An analysis of a minimum of 3 years historical financial statements of the borrower should be presented. Where reliance is placed on a corporate guarantor, guarantor’s financial statement should also be analyzed. The analysis should address the duality and sustainability of earnings, cash flow and the strength of the borrower’s balance sheet. Specifically, cash flow, leverage and profitability must be analyzed. In this regard the Credit Officer / RM must look into the status of chartered accountant audit firm.

Where term facilities (tenor > 1 year) are being proposed, a projection of the borrower’s future financial performance should be provided, indicating an analysis of the sufficiency of cash flow to service debt repayments. Loans shall not be granted if projected cash flow is insufficient to repay debts. In this regard the possibilities of cost overrun and sensibility analysis shall be done. The following questions may be asked to assess the Financial Risk:

Does the borrower produce financial statements on time?
Is working Capital Adequate?
Has the customer actual title to stock?
Have financial covenants been met?
Has there been any major sale of shares by directors?
Any significant change in asset conversion cycle? (Account Receivables/ payables Inventory etc.)
• Account Conduct:

For existing borrowers, the historic performance in meeting repayment obligations (trade payments, cheque, interest and principal payments, etc.) shall be assessed. In this regard the Credit Officer / RM may look into the account turnover like debt summation / credit summation- highest debit balance/ highest credit balance (or lowest debit balance), no. of debit entries/ no. of credit entries for last three years (year wise)

• Adherence of Lending Guidelines :

The Credit Applications/ Appraisals must be prepared in line with Bank’s lending guidelines. It must be clearly stated whether or not the application/proposal is in compliance with Bank’s Credit Policy lending guidelines.

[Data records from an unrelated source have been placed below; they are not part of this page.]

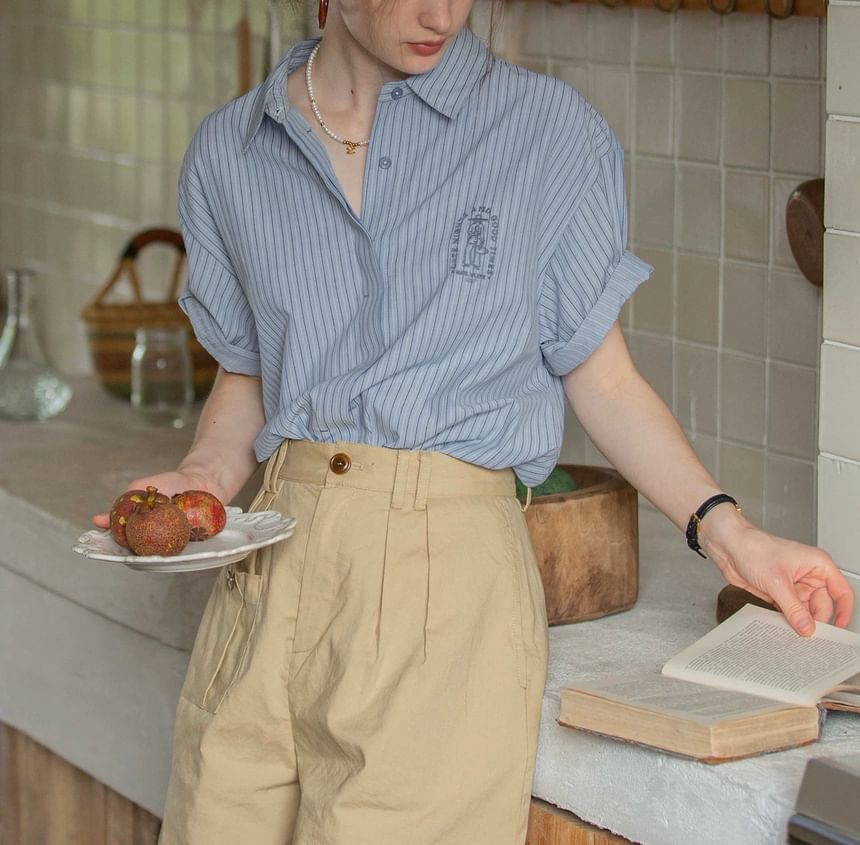 Collared Striped Embroidered Button-Up Blouse Elbow-Sleeve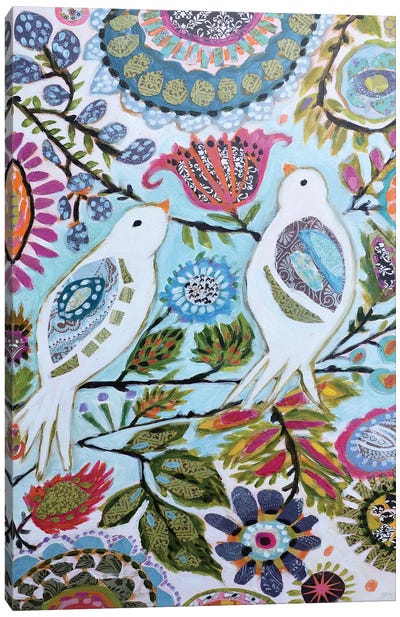 Paper Birds II Canvas Art Print - Karen Fields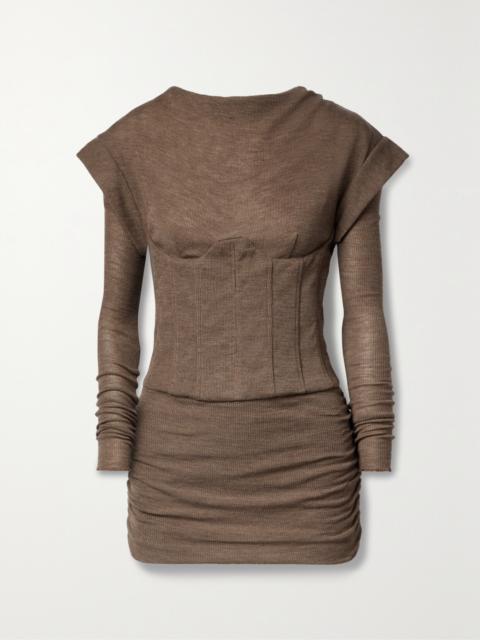 LaQuan Smith Ruched Wool Mini Dress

Related questions to be addressed are:

Is proposed application in compliance with Bank’s guidelines?
Does the lending to clients also compliant with Central Bank’s guideline?
What are the Niche Products?

• Interest Rate Risk :

The interest rate must be fixed based on different risk factors associated with the type of business such as liquidity risk, commodity risk, equity risk, and loan period risk. Interest rate also arises from the movements of interest rate in the market. In assessing the pricing and profitability, the credit officer/RM must consider the income from ancillary business like foreign exchange business, group business, volume of business etc. Related questions to be addressed are:

What is the rate of interest charged?
Is the rate fixed in consideration to the risk factors?
Will the rate charged be profitable to the Bank?

• Foreign Exchange Risk :

The foreign exchange transaction is associated with foreign currency fluctuation risk. Therefore the credit officer/RM must take care of for the Forex risk. The questions to be addressed as:

Does the business involve foreign currency dealings?
What are trends of foreign currency fluctuation?

• Cost overrun Risk :

This type of risk is generally involved in taking project finance decision. A high degree of cost overrun may cause the failure of the project. Therefore the credit officer must consider the cost components of the project and their chance of devaluation. The questions to be addressed are-

 Whether the construction cost may increase?
Whether the imported machinery cost may increase for the fluctuation of the foreign currency.
Are all types of cost components addressed during preparation of feasibility report?
Does sensitivity analysis prove sufficient shock absorbing capability of the project?

• Mitigating Factors :

The Credit Officer/RM must address to different risks associated with the proposal. The possible risk include but not limited to market risk, financial risk, foreign exchange risk, risk of cost overrun, margin sustainability and/or volatility, high debt load (leverage/gearing), overstocking or debtor issues, repaid growth, acquisition or expansion, new business line/product expansion: management changes or succession issues, customer or supplier concentrations, and lack of transparency or industry issues obtaining factors for risks identified in the credit assessment shall have to be described and understood.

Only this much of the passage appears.